Obras em 15 pontos de congestionamentos fazem parte da Agenda 2012. Para dois deles, nem projeto há

Fabiano Nunes,

01 Setembro 2011 | 04h02

JORNAL DA TARDE

O plano de obras criado para melhorar o trânsito em 15 cruzamentos da cidade de São Paulo está parado há pelo menos dois anos. Em março de 2009, a Prefeitura anunciou que faria intervenções nesses pontos, considerados de congestionamentos crônicos. Mas 29 meses após incluir essas obras como uma das metas da Agenda 2012, todos esses locais estão sem intervenção.

Para 13 desses gargalos, a Companhia de Engenharia de Tráfego (CET) informa que já tem projetos prontos. Já para os outros dois, nem essa etapa foi finalizada.

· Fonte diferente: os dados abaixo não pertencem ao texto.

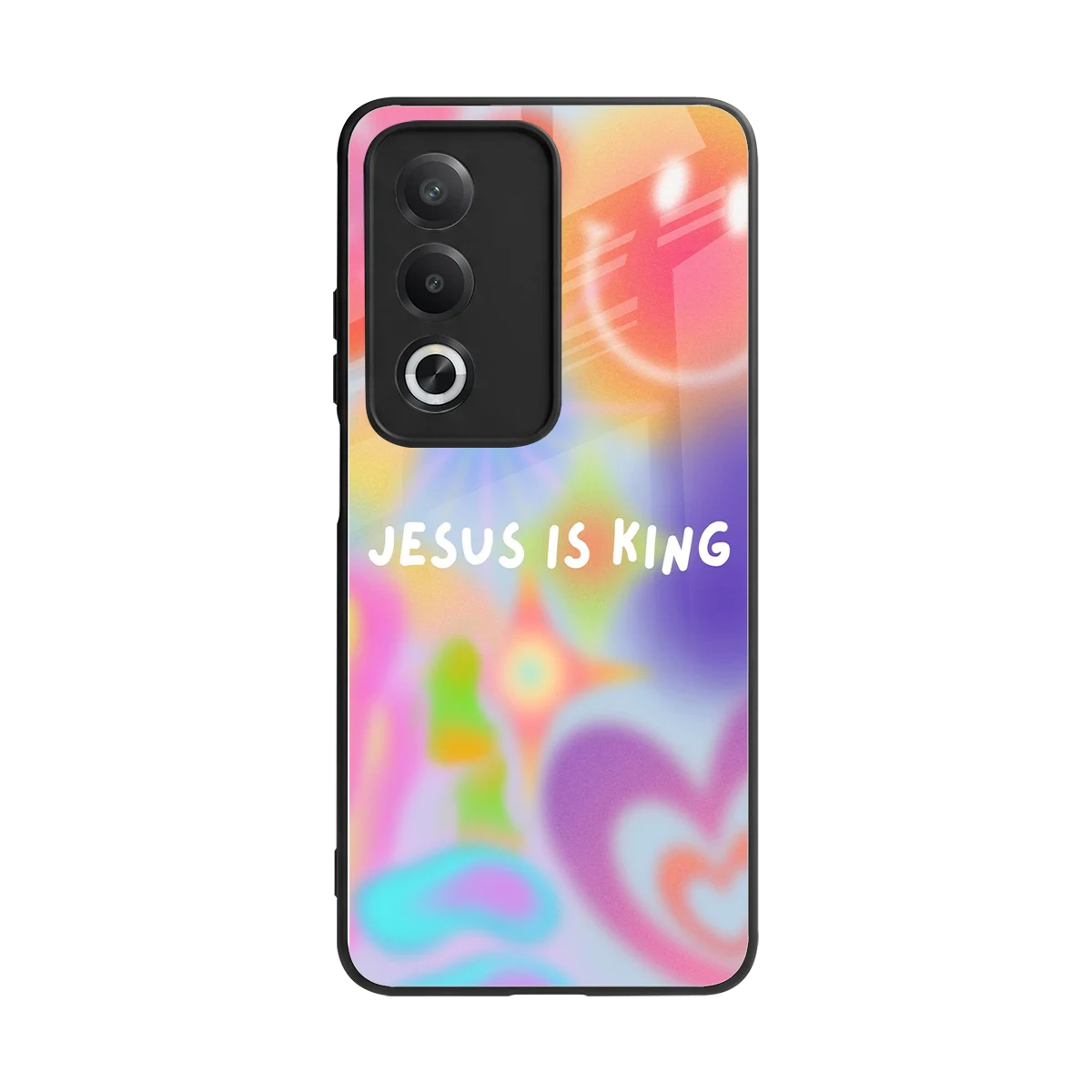 Jesus Is King back phone cover | glass case for oppo a3 pro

A companhia prevê que as mudanças fiquem prontas até dezembro de 2012. Entre elas, estão alterações no sentido da circulação de veículos, alargamento de vias, abertura de canteiros e reconfiguração geométrica.

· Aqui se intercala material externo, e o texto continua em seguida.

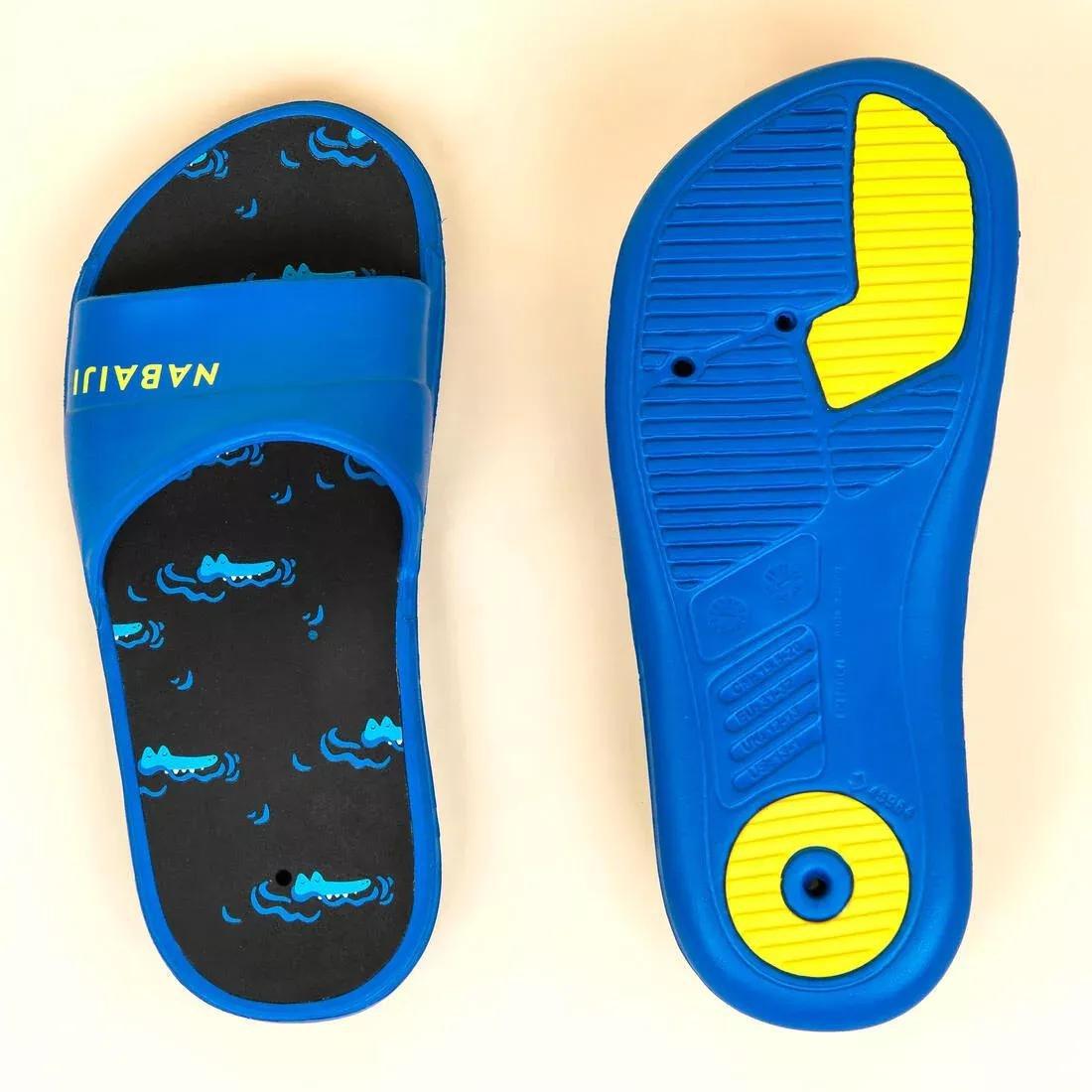Kids Pool Derby Printed Sandals Slap - 500, White, , large image number 8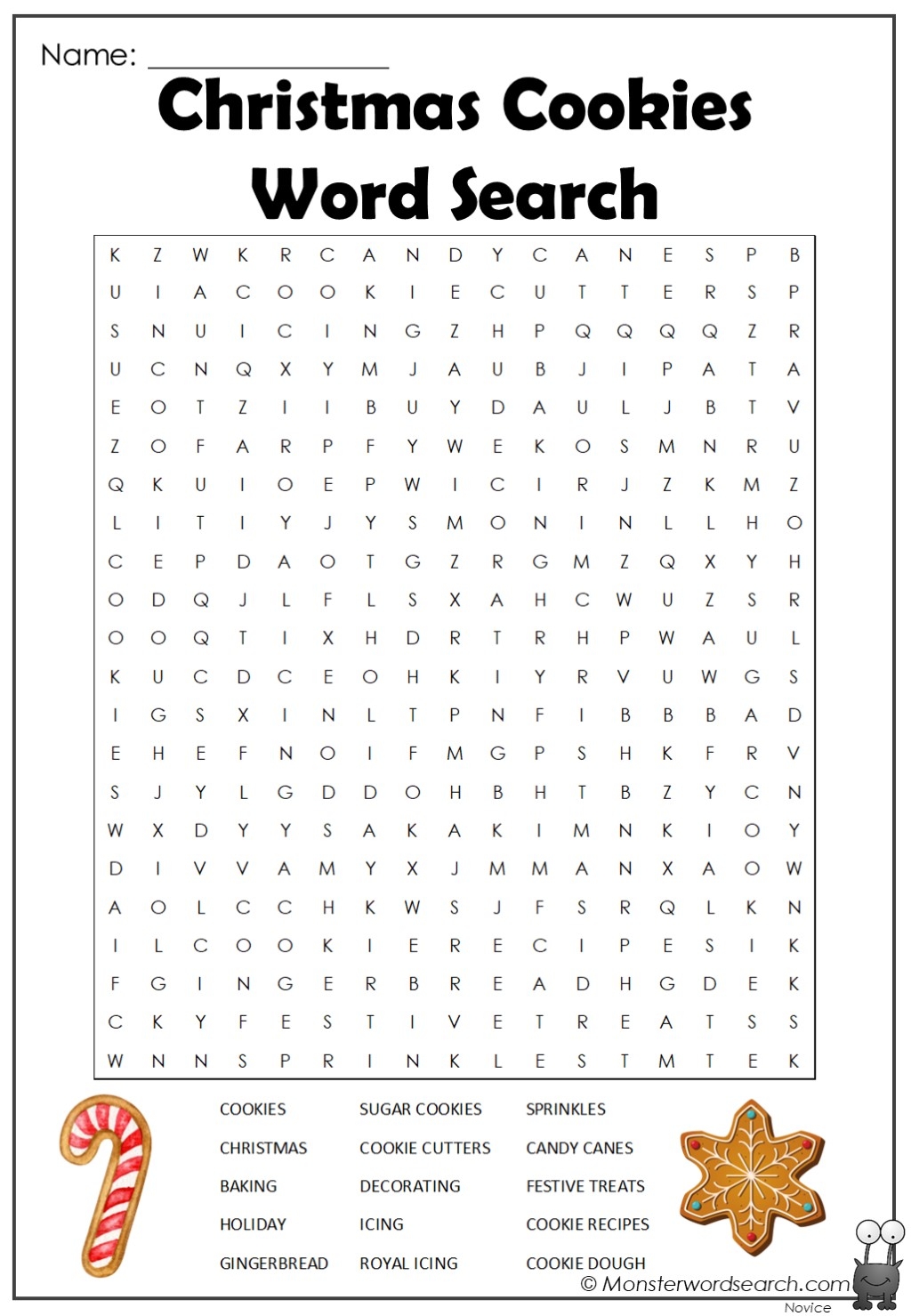Free Printable Christmas Word Search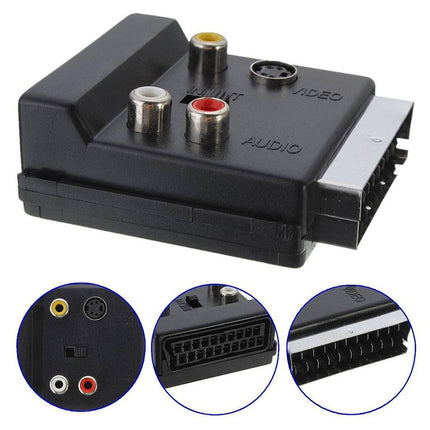 Scart Male To Female S-Video Rca Adapter - Audio Converter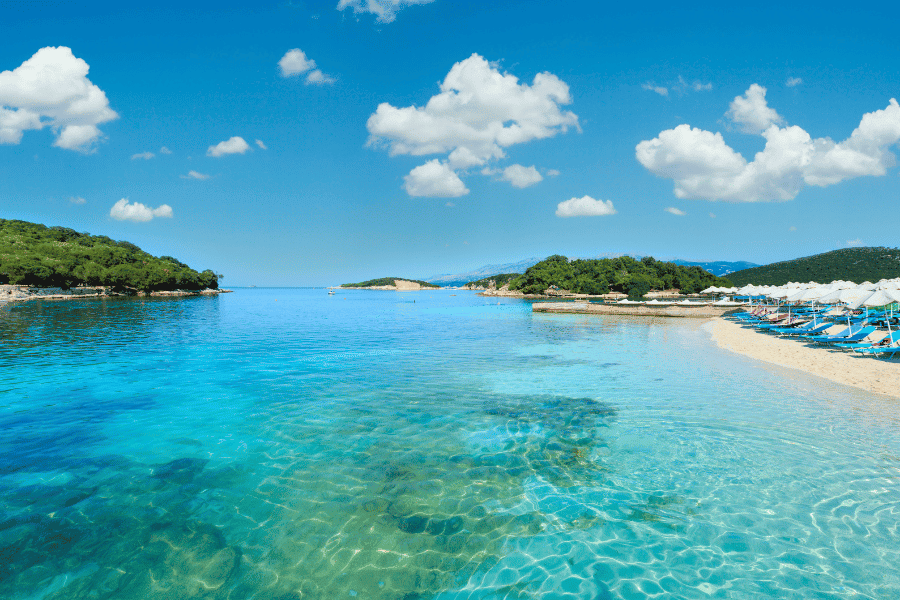 ksamil playa en albania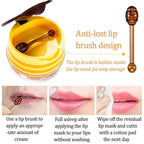 2 PCS Bee Lip Balm Lip Mask Honey Pot Honey Lip Mask Propolis Moisturizing Lip Balm with Stick - Hydrating Prevention Dry and Cracked Lip Scrubs Exfoliato Lip Wrinkle Skin Care Products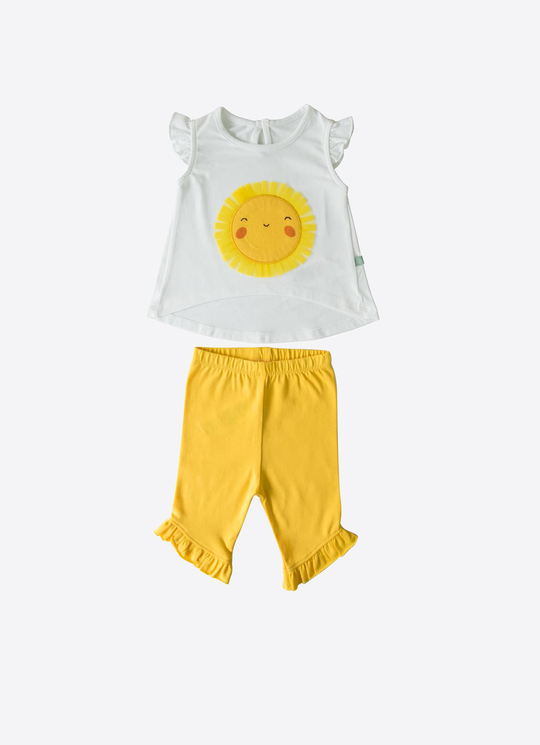 Organik Sunny 2li Takım Sarı
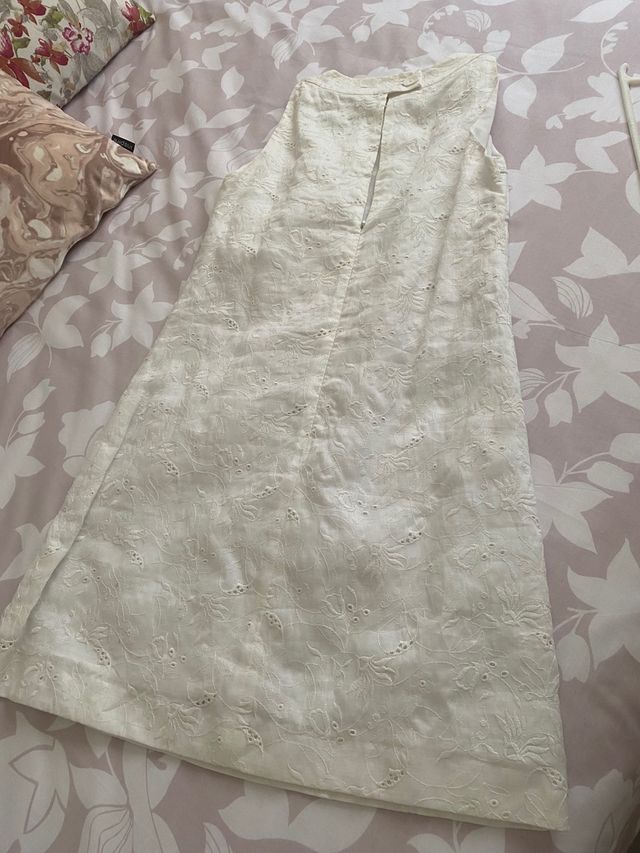Vestido blanco verano bordado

O cruzamento das avenidas do Estado e Cruzeiro do Sul, no Pari, na região central, é um dos 15 pontos críticos. No local, o tráfego de caminhões e ônibus é intenso, por conta do corredor de acesso para as Marginais, Via Dutra e Rodovia Castelo Branco. "Desde que os caminhões foram proibidos de circular na Marginal do Pinheiros e na Avenida dos Bandeirantes, essa região ficou intransitável", disse o mecânico José Gonçalves, de 56 anos, que trabalha na região há 30.

O comerciante Heleno Bernardo, de 52 anos, dono de um restaurante a poucos metros do cruzamento, chega a levar uma hora para percorrer uma distância de cerca de 2 km até o Parque Dom Pedro. "fica tudo travado. E não tenho opção", reclamou.

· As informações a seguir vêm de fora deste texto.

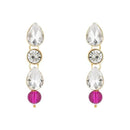 Etnico Gold Plated Traditional Pearl Necklace & Earrings Set For Women (ML140Wi)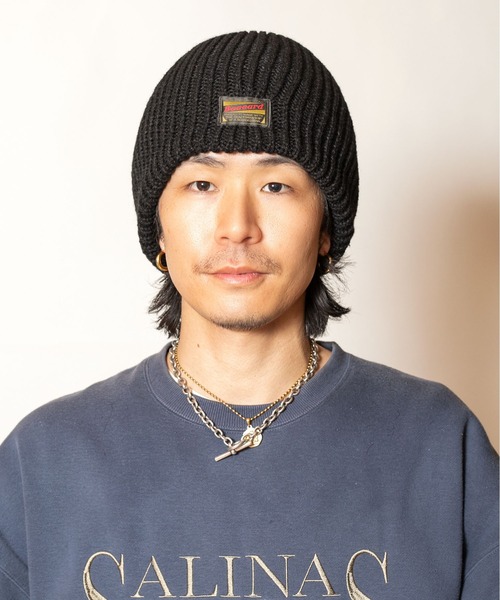 CA4LA（カシラ） ニット帽 ニットキャップ メンズ MM PATCH BEANIE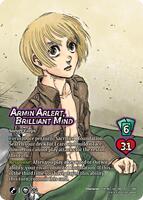 Armin Arlert バッジ Armin Arlert Hamster Attack on Titan Rubber Strap Junior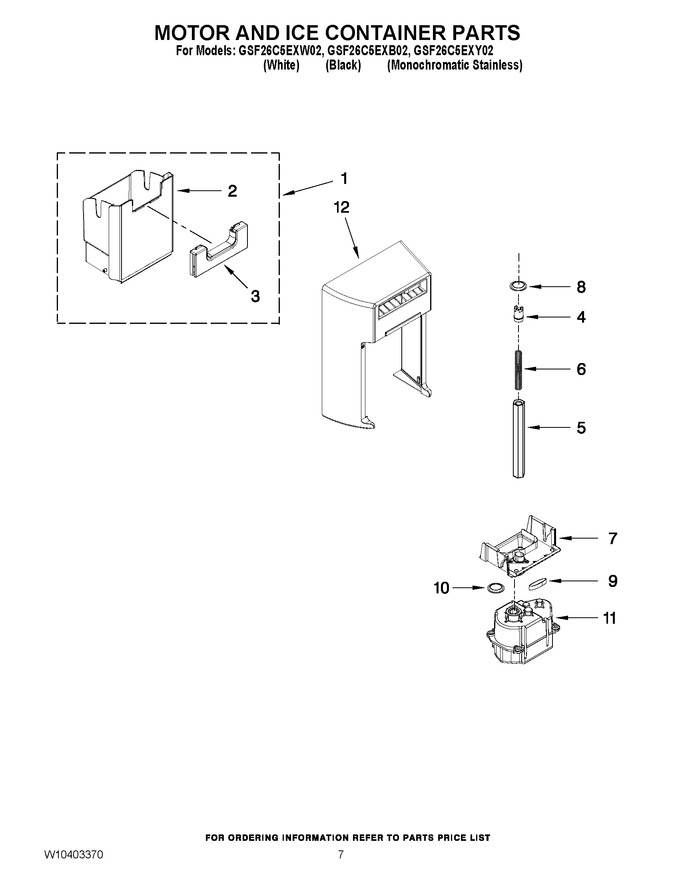 Diagram for GSF26C5EXB02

Para resolver o problema nesse cruzamento, a CET planeja fazer o alargamento da via e abertura do canteiro central.

Cuidado. Segundo o engenheiro Flamínio Fichmann, consultor de engenharia de tráfego, é preciso analisar cada intervenção, para saber se é necessária. "Muitas vezes é feito um investimento elevadíssimo para um retorno pífio. Às vezes, uma intervenção barata, como regular os semáforos, é mais eficiente".

No trecho que deve passar por intervenção na Radial Leste, entre o Viaduto Pires do Rio e Avenida Álvaro Ramos, no Tatuapé, já funciona uma faixa reversível nos horários de pico. A CET planeja agora alargar a via nesse ponto. Já na Avenida Rebouças, próximo ao Viaduto Okuhara Koei, os motoristas dizem que é preciso programar melhor os semáforos. "Quando o do início da Rebouças abre, para quem faz o retorno para a Avenida Paulista, o sinal de quem vem da Dr. Arnaldo fica fechado. Seria necessário instalar uns semáforos inteligentes na região", sugeriu o agente de serviço André de Araújo, de 29 anos. Para o local, a CET prevê alargamento de via e adequação geométrica. Depois, deve haver também intervenções no sistema de semáforos.

A CET estima que com as obras haverá aumento da velocidade média dos veículos e, assim, melhoria na fluidez e segurança viária. A companhia informou ainda que está elaborando o orçamento dos projetos para viabilizar as obras.

Crítica

Para o engenheiro Sérgio Ejzemberg, a Prefeitura já deveria ter planejado e executado um plano de fluidez. "Pequenas intervenções não levam mais de seis meses para o estudo e o projeto."